= Radio Luxembourg (DRM) =

Former international broadcasting service of Luxembourg

Radio Luxembourg is a commercial radio station on Digital Radio Mondiale (DRM). Established in 2005, it has broadcast in many languages in conjunction with a television service operated from Luxembourg.

==History==

Radio Luxembourg in English from 1933 to 1939 and from 1946 to 1992 was an important forerunner of modern commercial radio in the United Kingdom. It was an effective way to advertise products by circumventing British broadcasting restrictions that were in place at the time. The English-language station, which broadcast from the Grand Duchy, closed down at the end of 1992.

===DRM service===
In 2005, the parent RTL company stated that the AM transmissions would not resume but that a full-time English service (initially a co-operation between CLT-Ufa and Aquilaine Radio) would begin on Digital Radio Mondiale (DRM). During August of that year, the parent operating company of Radio Luxembourg conducted digital test broadcasts to the UK on 7145 kHz using DRM. This culminated in the soft re-launch of Radio Luxembourg in English at 07:00 BST on 12 September 2005.

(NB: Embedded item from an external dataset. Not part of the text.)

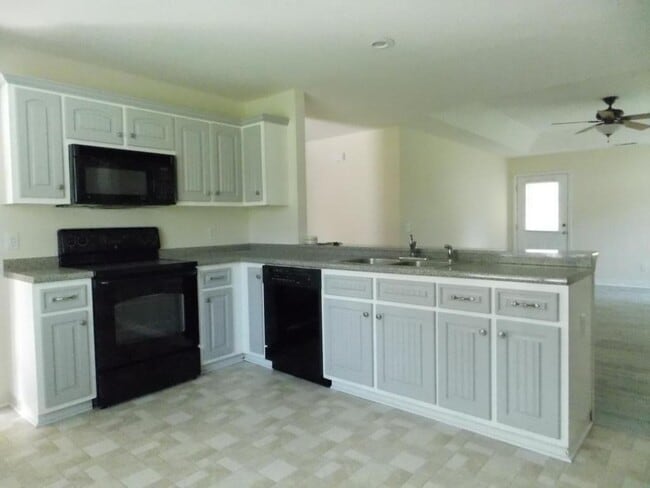 Building Photo - 305 Sterling Ct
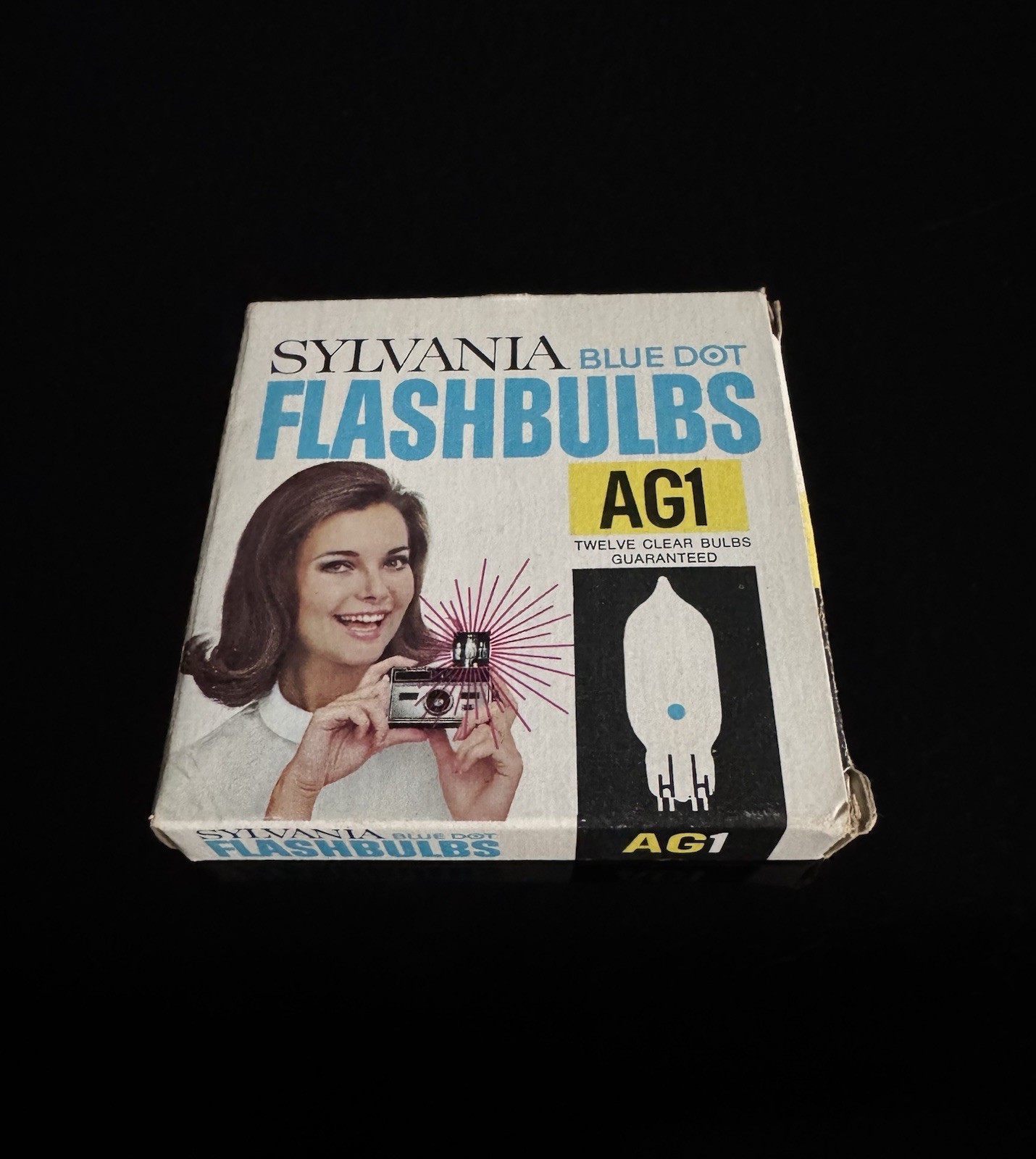 NEW Vintage Sylvania AG1 Blue Dot Flashbulbs 12 Bulbs In Box – Made in USA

For a time, Radio Luxembourg was heard at 7295 kHz DRM, but RTL has since discontinued DRM broadcasts on 7295 kHz throwing the future of the DRM station into doubt, although local DRM broadcasts are still on air in the Grand Duchy of Luxembourg.

Radio Luxembourg could also be heard with a live stream with a classic rock playlist.
The station's strapline was "The Best In Classic Rock" and "The Legend Is Back".

Presenters between 2005 and 2008 included Dave Christian, Benny Brown, Sally Carter and Enda Caldwell.

Radio Luxembourg was hoping to broadcast in English on one of the two new digital national DAB services in the UK during 2008, if National Grid Wireless Limited won the licence. However, National Grid Wireless failed to win the licence. The station continued as an online service, although the service has not been updated with any new audio programming since 31 December 2007 and subsequently ceased operating.